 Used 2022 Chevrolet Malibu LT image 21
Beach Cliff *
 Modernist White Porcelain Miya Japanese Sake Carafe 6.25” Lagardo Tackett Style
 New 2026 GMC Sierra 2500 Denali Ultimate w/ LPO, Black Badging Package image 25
--
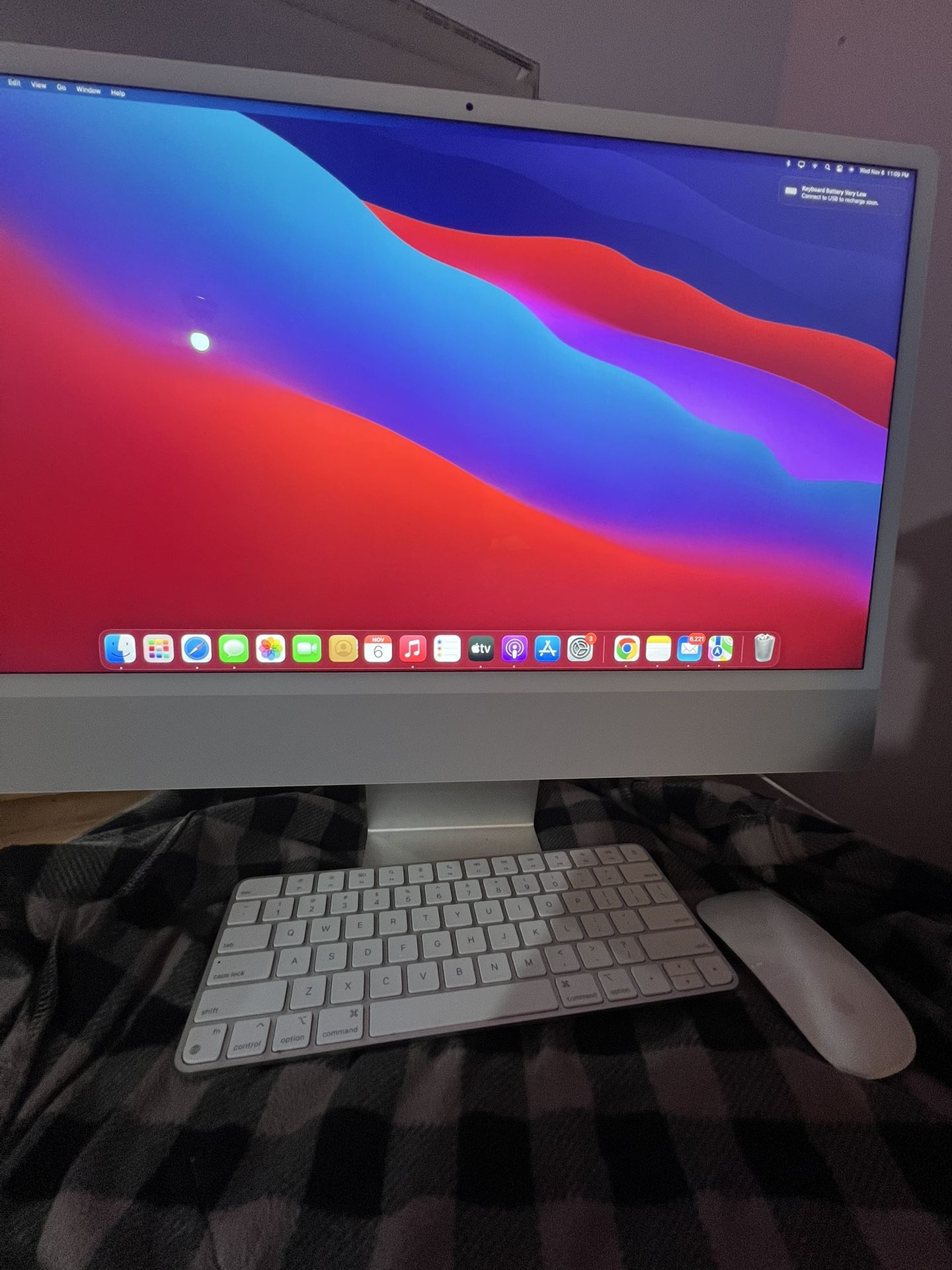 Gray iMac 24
* * *
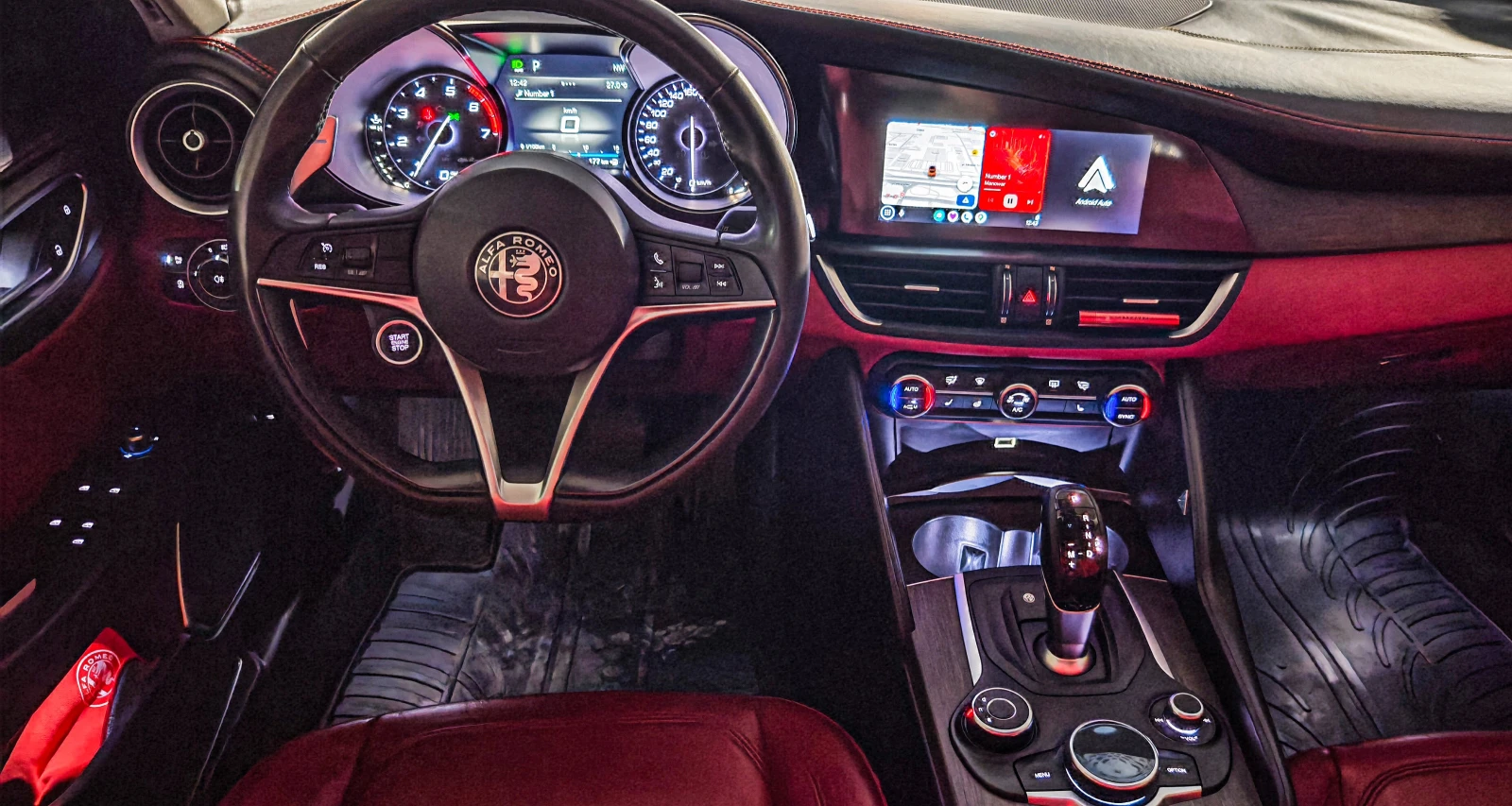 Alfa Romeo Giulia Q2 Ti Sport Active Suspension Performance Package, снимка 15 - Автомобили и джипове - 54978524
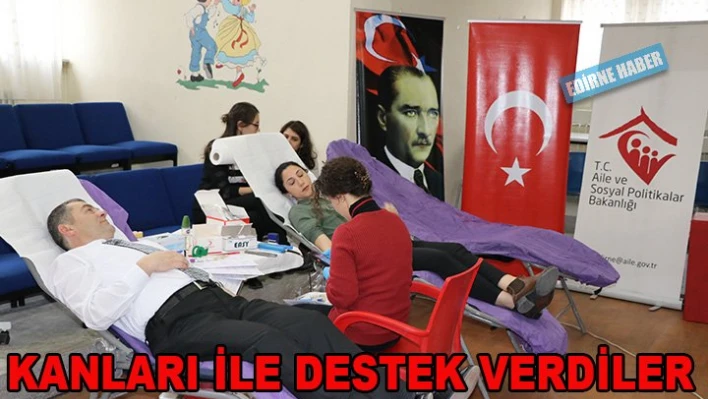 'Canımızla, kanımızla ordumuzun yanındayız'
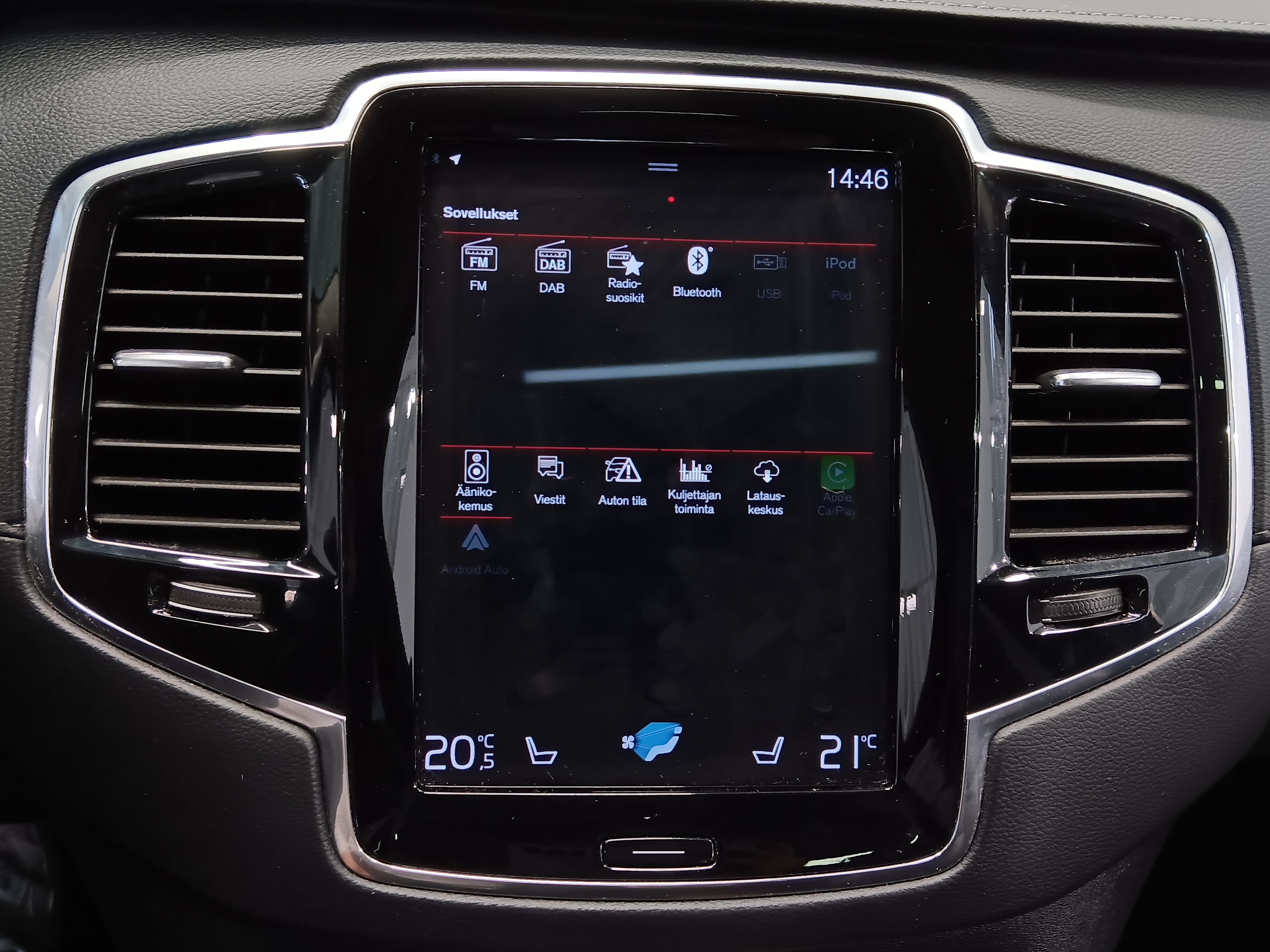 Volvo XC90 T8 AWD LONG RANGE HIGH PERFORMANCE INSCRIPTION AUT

Problem to solve: Reproduce verbatim only the segment of the listing bounded by the line containing "Used 2022 Chevrolet Malibu LT image 21" and the line containing "New 2026 GMC", with both boundary lines included.

Exercise output:
 Used 2022 Chevrolet Malibu LT image 21
Beach Cliff *
 Modernist White Porcelain Miya Japanese Sake Carafe 6.25” Lagardo Tackett Style
 New 2026 GMC Sierra 2500 Denali Ultimate w/ LPO, Black Badging Package image 25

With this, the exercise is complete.